Dal crollo del ponte di Yarmouth, in Inghilterra nel 1845, passando per quello di Angers in Francia nel 1850, e poi Stati Uniti, Scozia, Inghilterra. Storie diverse di ponti, viadotti e cavalcavia crollati negli ultimi duecento anni in diverse parti del mondo per via di errate progettazioni, mancati controlli e assenza di manutenzione. Le ha volute raccogliere in una serie di racconti, distribuiti gratuitamente attraverso la sua pagina Facebook, l’attore teatrale Nicola Pannelli, ideatore del progetto collettivo “La morte che viene dall’alto” dal quale sono tratti i frammenti riportati in questo video.

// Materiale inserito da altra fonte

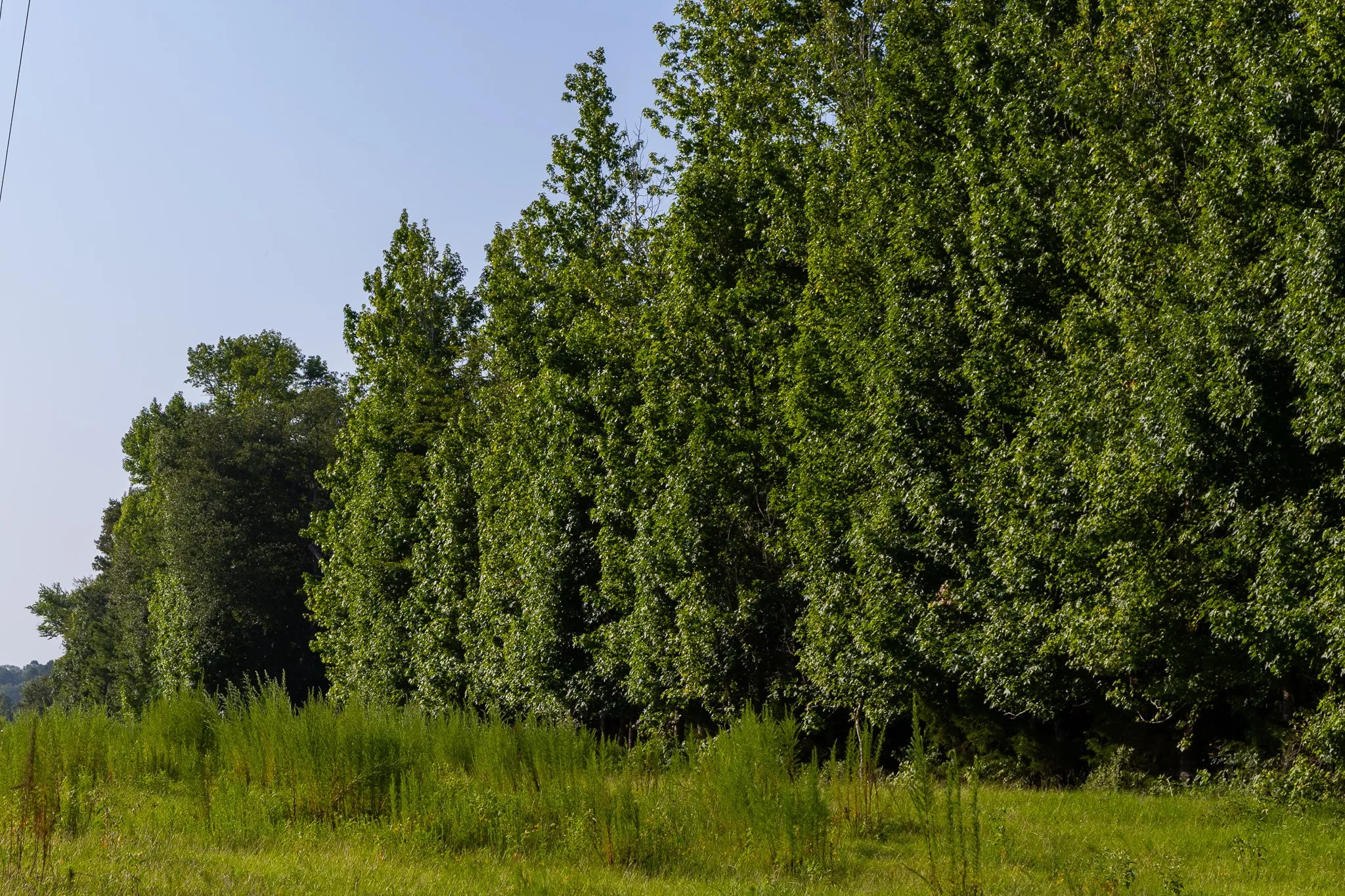 Ranch For Sale in Van Zandt County , 0000 VZ County Road 4912, Ben Wheeler, Texas 75754, 0, 0, Garage spaces, 0 Sqft, built in 0, Price $1,550,000, mls#21344972, Real Estate Agent in Ben Wheeler, Homes For Sale in Van Zandt county, Homes For Sale in Ben Wheeler, Realtor in Ben Wheeler Texas, Real Estate Brokerage Independent Realty Texas, Luminita Cordes Realtor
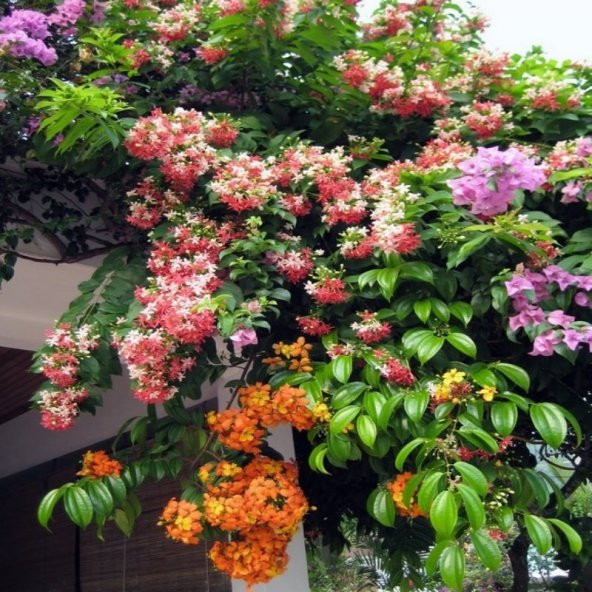 Quisqualis İndica Yoğun Kokulu Bindallı Sarmaşığı Fidanı (100-150 cm) - Resim 6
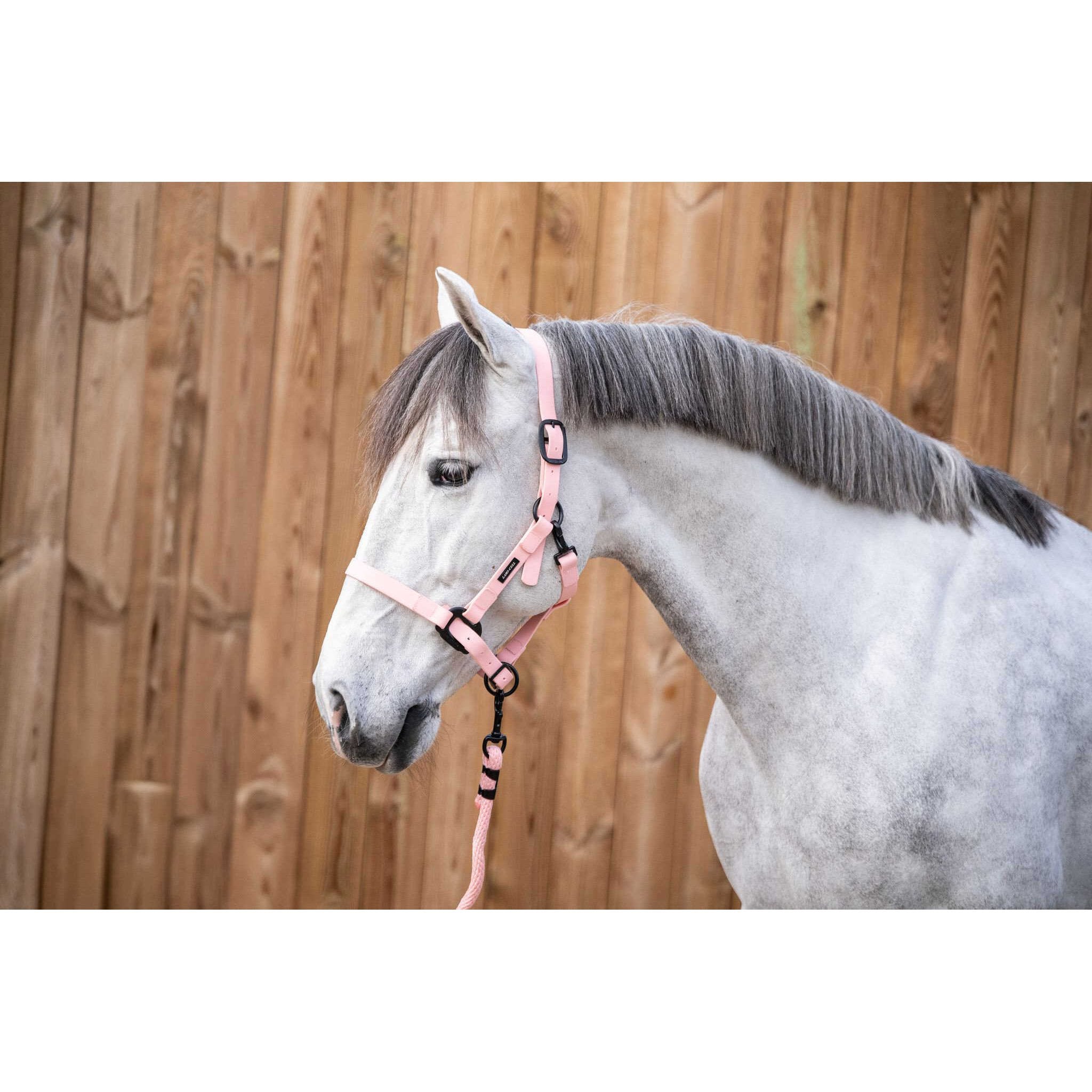 LAMI CELL LC Vibes Halter Pink - 555031313_ambi_1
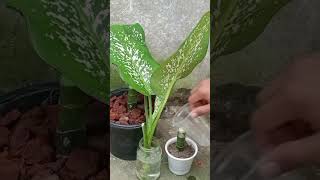 Dieffenbachia Tropic Snow Propagation for Beginners Even You Can Do It [upl. by Lewes]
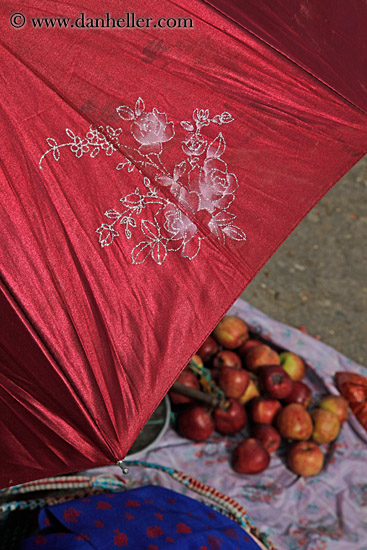 farmers-market-umbrella-n-food-04.jpg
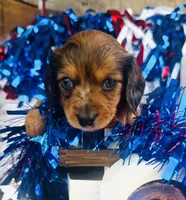 Dixie (Longhair) , a female Miniature Dachshund for sale in Ardmore, OK – 1 of 10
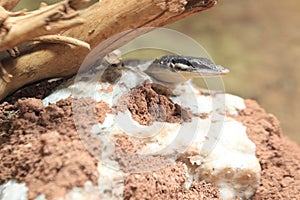 Kimberley rock monitor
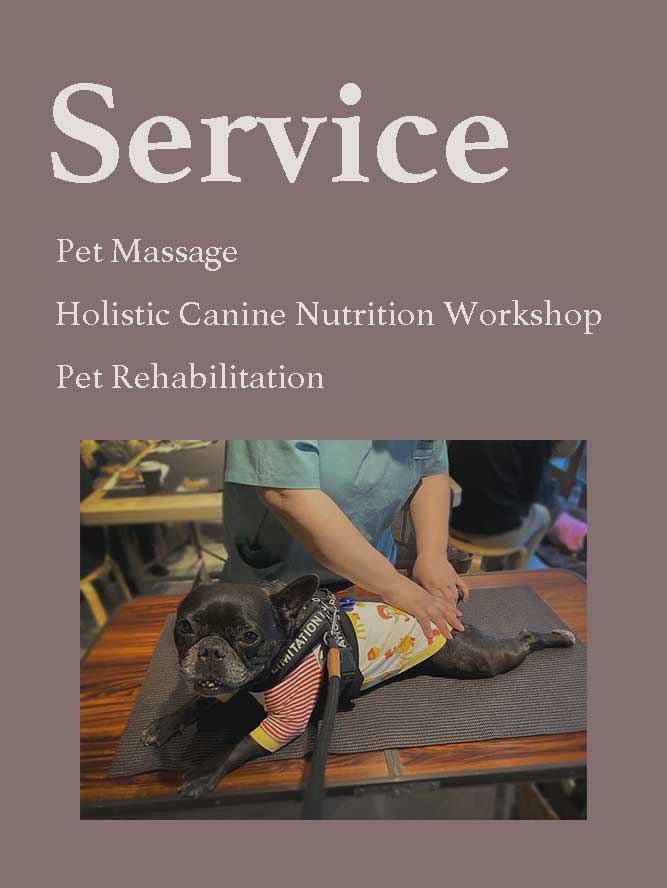 アニマルヘルスケアサポート楓 サービス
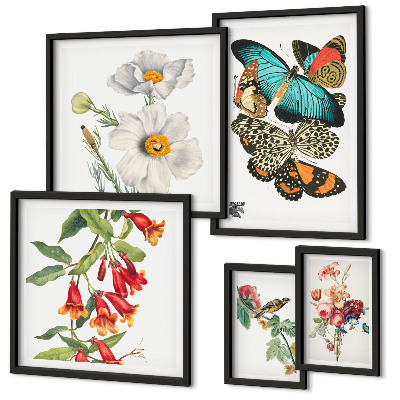 Bildergalerie-set für die wand Blumen, Schmetterlinge, Vögel, Vintage-Dekorationen
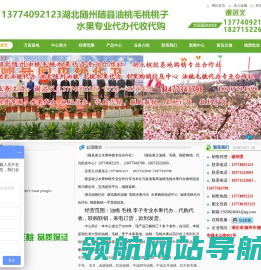 13774092123湖北随州随县油桃毛桃桃子水果代办.桃胶购销批发专业合作社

L’artista che dal 2001, a Genova, anima l’associazione di teatro civile ’Narramondo’, ha chiamato a raccolta attori, musicisti e interpreti per riportare alla luce storie lontane e dimenticate, scoperte dall’autore durante la ricerca che sta portando avanti in vista di un futuro (e per ora ipotetico) lavoro teatrale dedicato alle vittime del crollo del Ponte Morandi. “Ma quella di Genova è una ferita ancora troppo recente – spiega Pannelli – ed è troppo importante ora stare a fianco alle famiglie alla ricerca della giustizia, attendendo gli sviluppi giudiziari che ci auguriamo possano individuare responsabilità”. Per questo l’autore ha scelto di raccontare vicende analoghe a quella del 14 agosto 2018: “Ho considerato i crolli che hanno causato la perdita di vite umane e che quindi prevedevano una responsabilità penale per i colpevoli, non ho preso in considerazione crolli dovuti a cause naturali, né guerre o atti di sabotaggio”.
Così Pannelli ha selezionato testimonianze, dichiarazioni, immagini e documenti per vedere “come sono andate a finire” quelle drammatiche vicende, che in comune con quella di Genova hanno una sequela di allarmi inascoltati, mancate manutenzioni, ricerca del profitto e tentativi di insabbiamento: “Rileggendo i documenti dei disastri del passato è inevitabile temere che i parenti delle vittime possano venire traditi e abbandonati, in questo senso penso che queste storie parlino anche di loro, senza nominarli, ma avendoli sempre presenti”. Le storie pubblicate in questi giorni sono otto e ne seguiranno altre nei prossimi, il format prevede un video con uno stralcio della vicenda seguito da una breve narrazione scritta dei fatti, dalla traduzione di alcune fonti reperite e una serie di link per approfondire.
Il progetto è seguito con interesse anche da Emmanuel, fratello di Henry Diaz, una delle 43 vittime del crollo di Ponte Morandi: “Oggi come ieri emerge chiaramente quanti danni può provocare l’egoismo dell’uomo – commenta – Quanto alcune persone siano capaci di ignorare i segnali che preannunciano una tragedia, pur di evitare un danno d’immagine, pur di non ammettere le proprie carenze, i propri sbagli. È sul serio tanto importante non perdere queste memorie, non ignorare quello che è già accaduto, se lo si fa si rischia di cadere nuovamente nelle medesime tragedie”.
La canzone di sottofondo al videoè una cover, realizzata per il progetto da Pier Luigi Pasino, di un brano originale dedicato alla tragedia del ponte di Great Yarmouth, quando 79 persone, prevalentemente bambini, rimasero vittime del crollo del ponte sospeso dal quale assistevano allo spettacolo di un clown. Dalla commissione di inchiesta emerse che il proprietario della concessione del posto, per massimizzare i profitti del pedaggio, aveva aumentato di una corsia l’impalcato, senza alcuna verifica della sostenibilità statica.